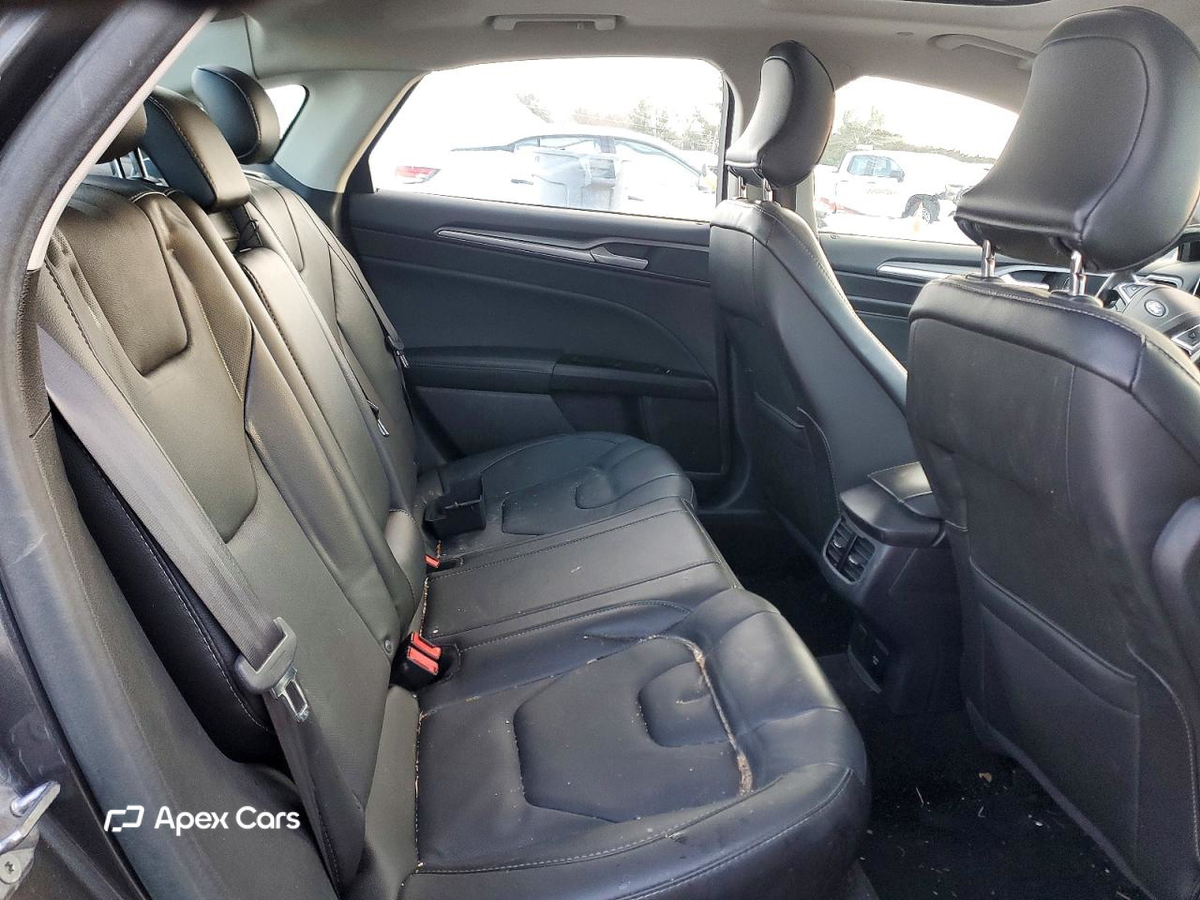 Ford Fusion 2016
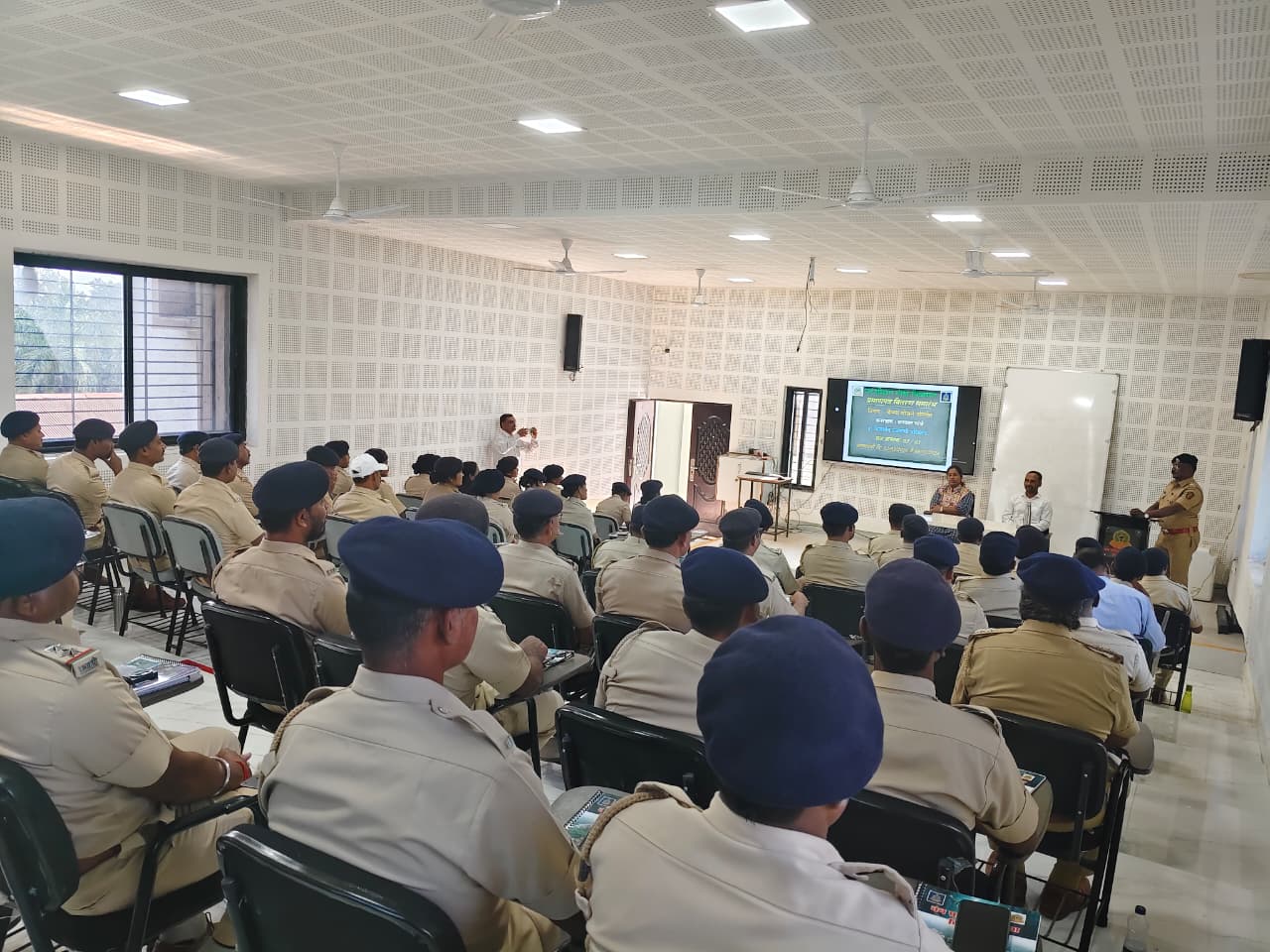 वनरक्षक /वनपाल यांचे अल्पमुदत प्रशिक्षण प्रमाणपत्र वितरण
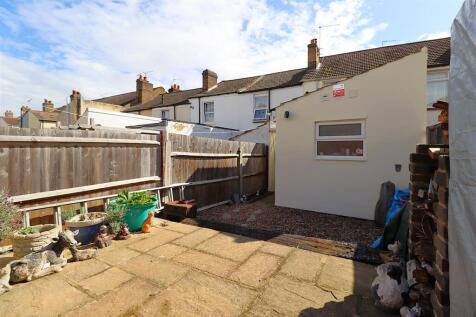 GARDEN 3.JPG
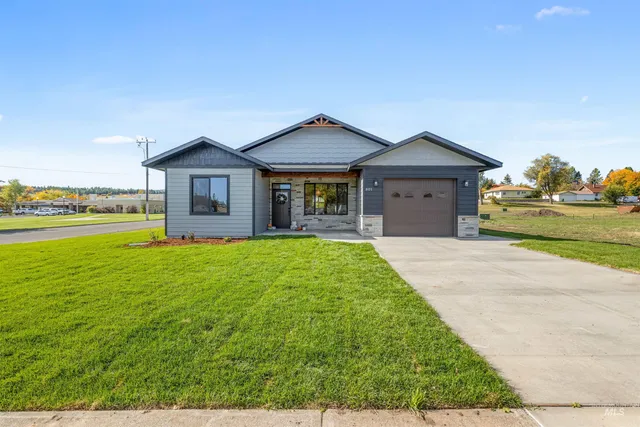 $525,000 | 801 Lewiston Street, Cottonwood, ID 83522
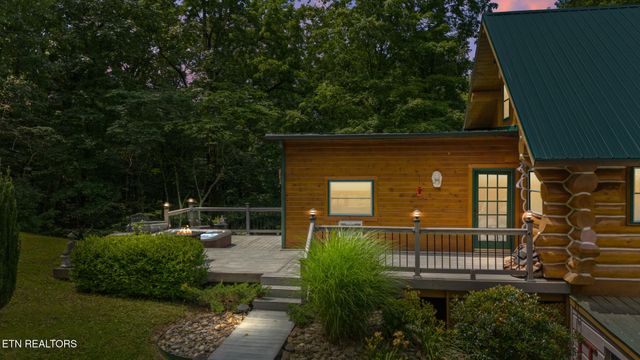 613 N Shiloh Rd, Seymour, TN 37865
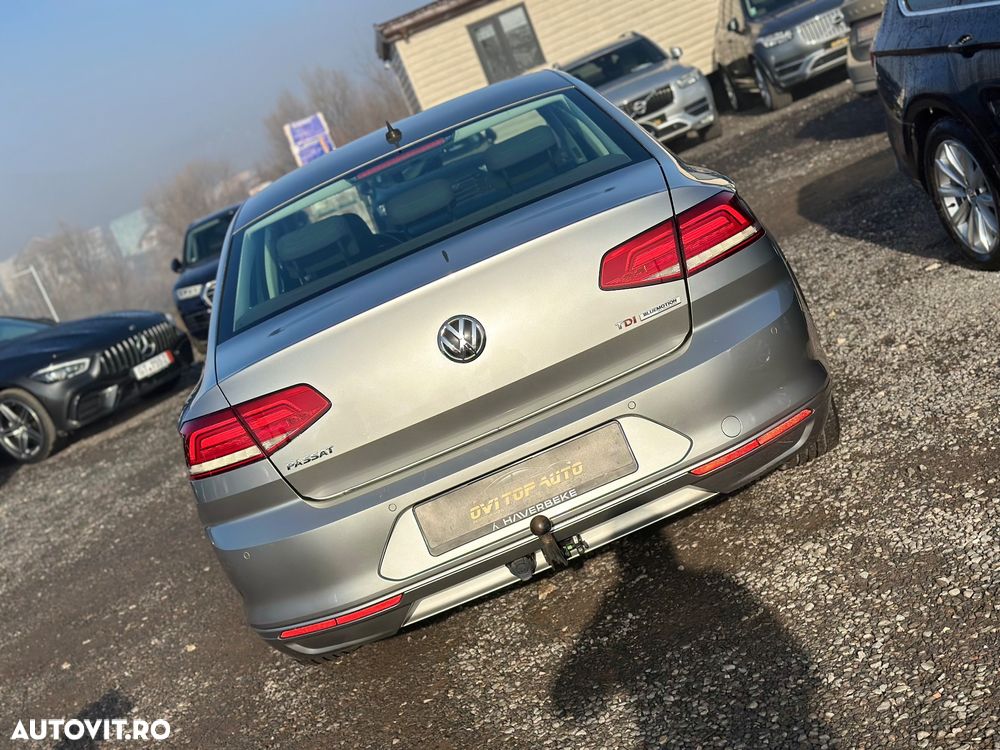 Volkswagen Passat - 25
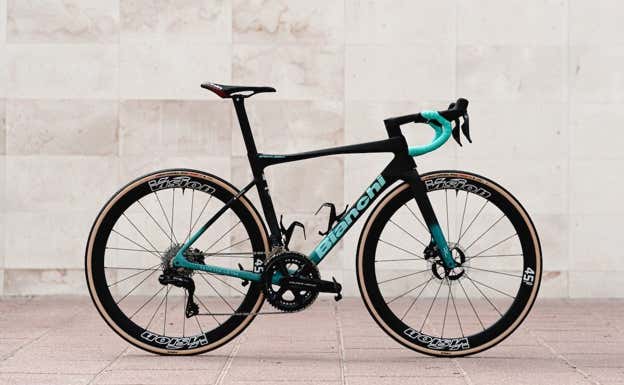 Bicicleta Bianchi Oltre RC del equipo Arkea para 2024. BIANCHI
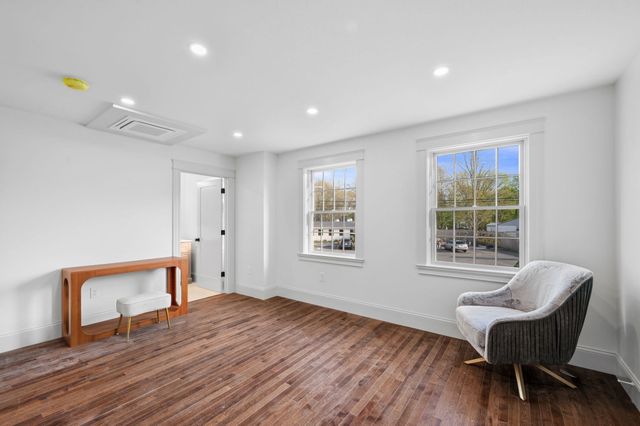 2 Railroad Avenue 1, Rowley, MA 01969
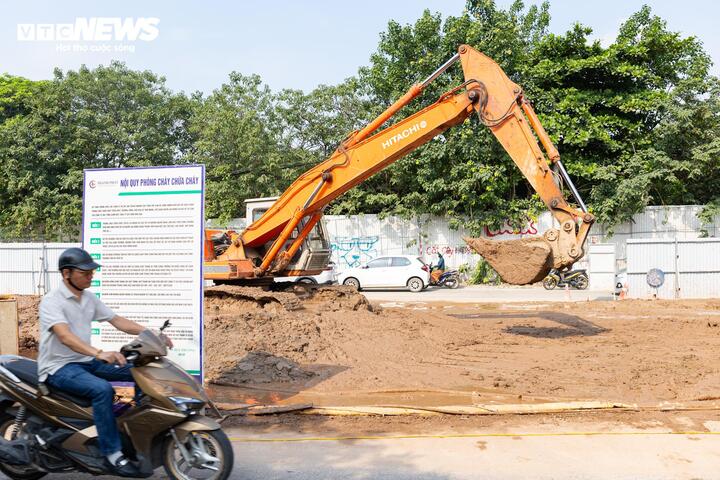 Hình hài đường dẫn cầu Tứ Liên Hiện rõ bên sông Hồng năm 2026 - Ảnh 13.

----------------

**INSTRUCTIONS FOR THE TASK:** Please copy out the whole listing exactly, minus its pictures.

**EXERCISE RESULT:**
 Ford Fusion 2016
 वनरक्षक /वनपाल यांचे अल्पमुदत प्रशिक्षण प्रमाणपत्र वितरण
 GARDEN 3.JPG
 $525,000 | 801 Lewiston Street, Cottonwood, ID 83522
 613 N Shiloh Rd, Seymour, TN 37865
 Volkswagen Passat - 25
 Bicicleta Bianchi Oltre RC del equipo Arkea para 2024. BIANCHI
 2 Railroad Avenue 1, Rowley, MA 01969
 Hình hài đường dẫn cầu Tứ Liên Hiện rõ bên sông Hồng năm 2026 - Ảnh 13.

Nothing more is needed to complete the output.